1 and 2 further illustrate the bioreactor 100 having a chemical sensor 120 connected to the inner surface of the base section 102 . The chemical sensor includes an electrode 122 and a connecting wire 123. Each illustrated chemical sensor may be an individual glucose or lactate sensor or may be a combined glucose and lactate sensor. The bioreactor 100 may include a first chemical sensor for measuring glucose and a second chemical sensor for measuring lactate. Chemical sensor 120 may be an enzyme-based sensor. The chemical sensor may be CapSensors® from C-CIT Sensors AG. A chemical sensor 120 is attached to the inner surface of the base section 102 . Any suitable adhesive may be used. The adhesive preferably cures at room temperature. Chemical sensor 120 can be connected to a Bluetooth device that can send sensor readings to a controller (not shown).

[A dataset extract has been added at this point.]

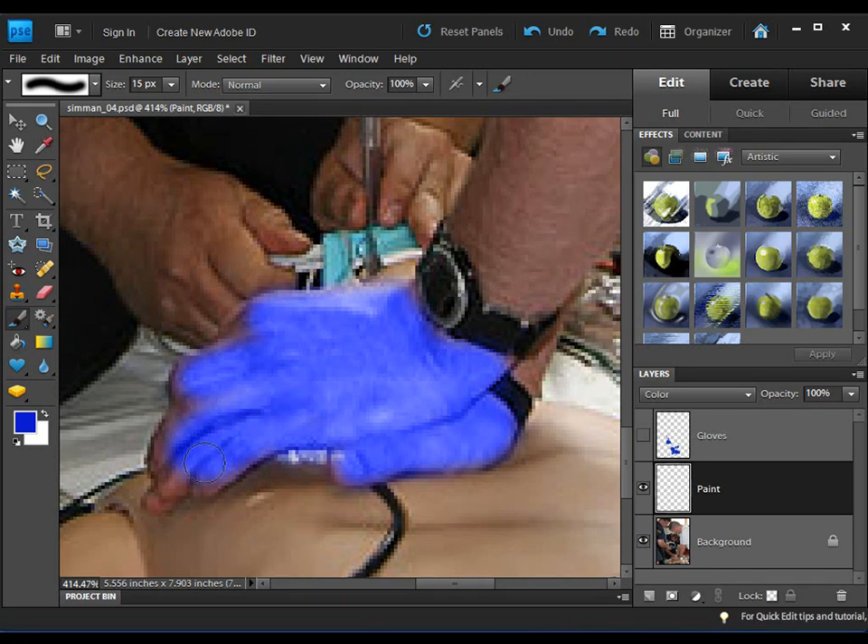I need to get my brush a little bit smaller, so I'll use the bracket key shortcut and get the fingertip area. Because the painting is on its own layer, if I go too far off I can use the eraser tool and clean it up. I can come over and do these other hands as well — if I wanted to I could even do a different color. For sake of time I think you get the idea.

In the embodiment of FIG. 1 , the connecting wire 123 of each chemical sensor 120 extends through an opening in the upper sensor 101 of the bioreactor 100 . According to another second embodiment as shown in FIG. 2 , a connecting wire 123 of the chemical sensor 120 extends through a slit 109 in the base section 102 of the bioreactor. Once the chemical sensor 120 is inserted, the slit may be sealed around the connecting wire 123 by any suitable adhesive to seal the base section 102.

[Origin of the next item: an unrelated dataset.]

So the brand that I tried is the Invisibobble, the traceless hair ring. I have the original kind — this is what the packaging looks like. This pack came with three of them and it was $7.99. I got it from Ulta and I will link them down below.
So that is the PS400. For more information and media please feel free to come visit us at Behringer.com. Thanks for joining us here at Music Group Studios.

The bioreactor 100 shown in FIGS. 1 and 2 includes a combination of optical dots 106 and 107 and chemical sensors 120 . According to another embodiment, the bioreactor includes only one of an optical dot or a chemical sensor.

As shown in FIGS. 6 (a) and 6 (b), the bioreactor 100 may further include a temperature sensor 121, for example, a thermocouple. Measurement of the bioreactor temperature is performed using data received from optical sensors 116, 117 and/or chemical sensor 120 to compensate for thermal drift in and thus improve sensor readings. consider the regulation of Temperature sensor 121 may be placed in contact with the cell suspension on the exterior surface of bioreactor 100 or may be connected to stir plate 201 as discussed below.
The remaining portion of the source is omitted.